RE: Entropy, Kalam, and First Cause
March 19, 2015 at 11:43 am
(This post was last modified: March 19, 2015 at 11:51 am by Anomalocaris.)
(March 19, 2015 at 11:17 am)Mister Agenda Wrote: I'm going to try to deduce what this sentence is supposed to mean. Please correct me if I am wrong. It sounds like you're trying to say that to gain evidence of the rules that govern the universe, the evidence would have to be within the universe and subject to the internal rules of the universe. If that is what you meant, I agree with that. I don't agree with the conclusion that it means we can find nothing out about conditions outside our universe unless the same rules apply without as within.
if by "same" you mean the set rules applying outside our universe is deductible from the set rules applying inside our universe, then yes, they do have to be the same. Other wise it is impossible to deduce how the condition and rules acting outside the universe would effect conditions observable inside the universe.
(March 19, 2015 at 11:17 am)Mister Agenda Wrote:(March 18, 2015 at 5:42 pm)Chuck Wrote: The rules governing the universe must to a high degree be connected to and analogous with the rules inside the universe.
Must they? How do you know that? Maybe they're connected in a low degree. Anything can be analogized, so I can't argue with that.

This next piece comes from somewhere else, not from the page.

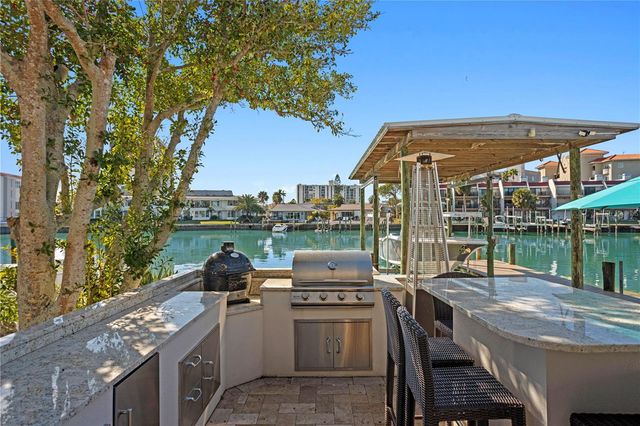 223 PALM ISLAND SW, Clearwater, FL 33767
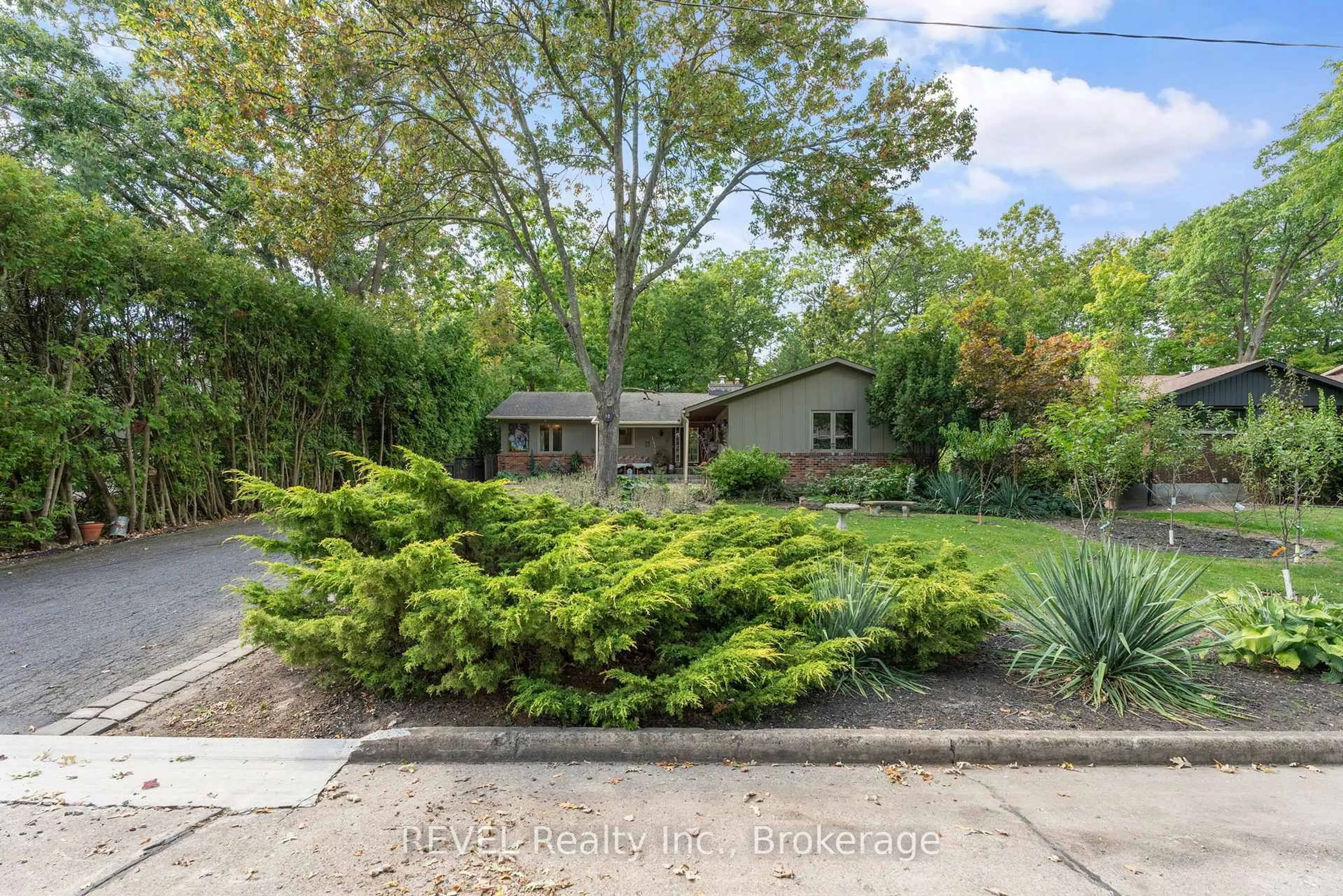 A pic from outside/outdoor area/front of a property/back of a property/a pic from drone, street for 10 Woodington Cres, St. Catharines Ontario L2T 3T7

They have to be connected sufficiently closely so deductions from inside the universe, based on the only set of rules governing how data used as evidence can be generated, transmitted and received, must be as valid outside the universe as inside the universe.
If one set of rules should in principle be deductible from another, then I would say they are menifestations of the same underlying rules.